Router bit shank install depth

"As a matter of fact, it is virtually impossible to bottom out a router bit in a Festool OF1400 or OF2200 router. The OF1400 has a spindle depth of 2.25" and the OF2200 has a spindle depth of 3.5". So it will be very rare that you will find a router bit with a shank long enough to bottom out in these routers.
The bottom line is that there is no reason to ever fully insert a router bit into a any router. Once the bit extends into the collet enough to be fully gripped by the collet, inserting it any deeper will not make it grip any better. 
So the only decision a woodworker needs to make regarding how deep to insert the bit, is how much of the shank they need/want exposed above the collet. This relates to the stability of the bit, not about the gripping power of the collet."
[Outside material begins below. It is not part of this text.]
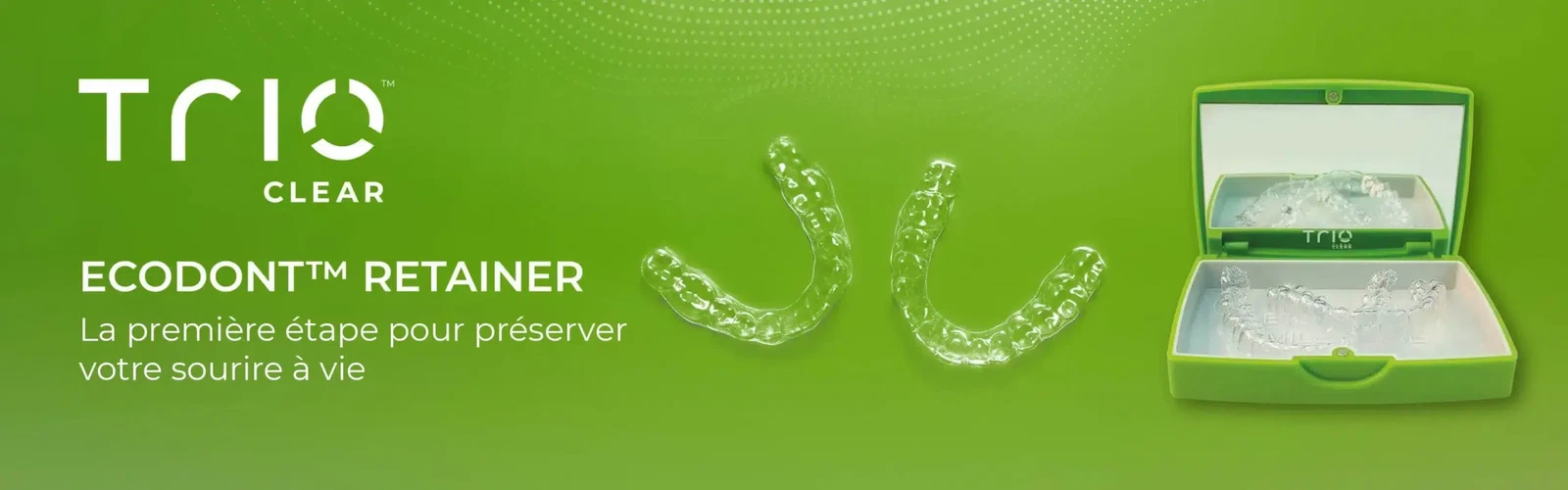 ECODONT™ RETAINER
The following is what I'd like to know?

" For a 1/2" shank bit, it hardly matters how much shank is exposed. It will be very stable at any depth as long as the collet clamping surfaces are fully engaged. (For Festool collets, this is 1" insertion.) 1/4" shanks are a little less rigid, but then the cutting heads are also smaller. 
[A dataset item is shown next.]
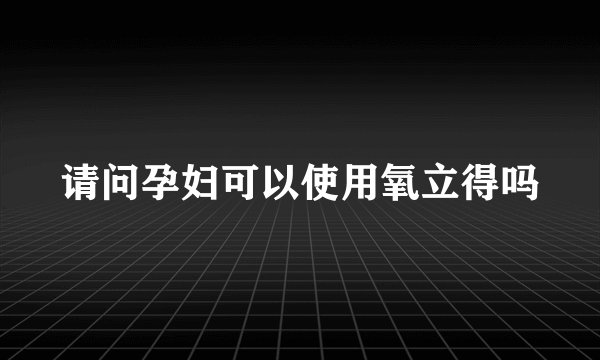 请问孕妇可以使用氧立得吗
So the really simple answer is, stop inserting your bits so deep! Base your insertion depth on how big the cutter is and how thick the shank is. 
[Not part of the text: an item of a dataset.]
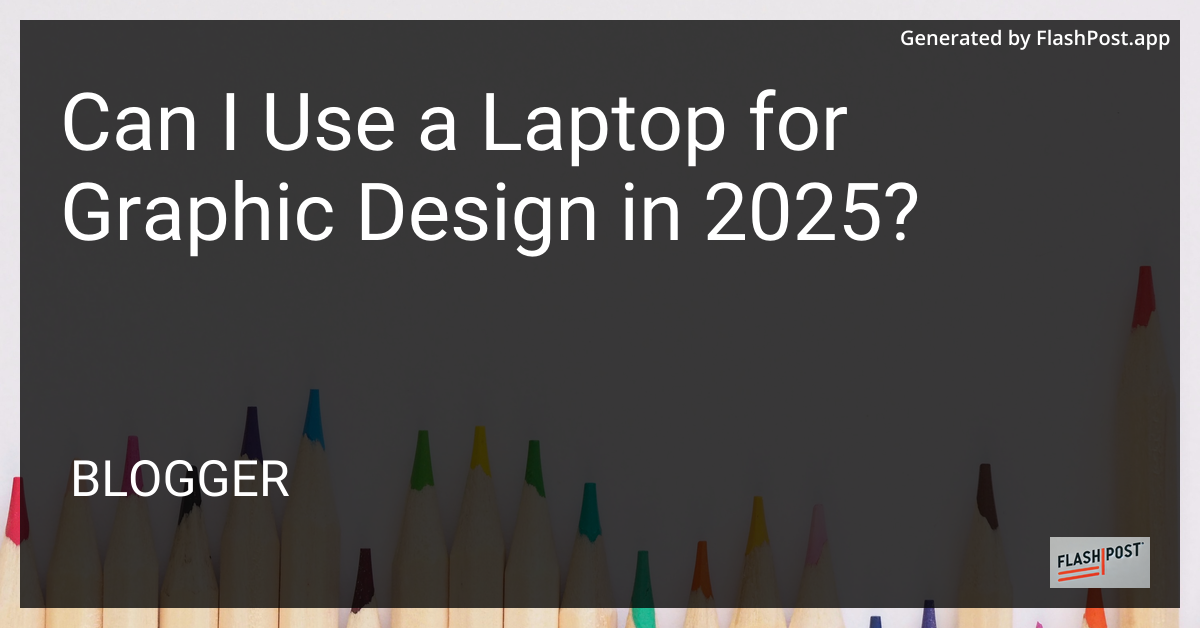 Laptop for Graphic Design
For most router bits, 1" insertion is sufficient. For large panel raisers and profile cutters, leave enough shank exposed to not cause you other problems. "

I don't have a Festool collet I have an Axminster Collet extension, so rather than fathing about with O rings at bottom of collet or on shaft. Will I be OK with just 1 inch of router shank inserted into the collet. This approach seems much simpler than 1/16, 1/8 or 1/4 inch gap trying to use O rings.
Obviously I don't want the bit working loose.
Thanks.


----------



## harrysin (Jan 15, 2007)

Some time ago I carried out a lot of research concerning insertion depth of router bits. During this research I contacted all major router manufacturers and examined as many routers as I could get my hands on and the definitive answer "beyond 1" serves no purpose at all" 1" was the length of all the collets that I examined. The armature shaft of the Makita 3612/C has a VERY deep hole and so a plastic rod is supplied so the bits don't get lost inside!
This simple jig makes it easy to fit "O" rings on each bit so no guesswork is involved.


----------



## Stick486 (Jan 4, 2013)

what does the manufacturer say???
better bits have a depth set mark/line on the shank...
insert the bit slightly more than the collet is long..


----------



## Cherryville Chuck (Sep 28, 2010)

Once you have the bit to the bottom of the collet there is nothing more to be gained. So if you remove the collet and measure it's length then that is the minimum insertion length for the bit shaft. It will be somewhere between about 19 and 25mm (my DeWalt 610 collet is only .7 something of an inch long). That's a clever little jig Harry made for keeping small straight bits from falling through.


----------



## JFPNCM (Dec 13, 2009)

As a point of reference, I just checked a Musclechuck collet and it is 1 5/16” from the top rim to the bottom of the collet. Assume then that the shank should be inserted accordingly. To follow Stick’s suggestion that would be at least 1 3/8”.


----------



## Stick486 (Jan 4, 2013)

correct...


----------



## Gaia (Feb 20, 2010)

Stick486 said:


> what does the manufacturer say???
> better bits have a depth set mark/line on the shank...
> insert the bit slightly more than the collet is long..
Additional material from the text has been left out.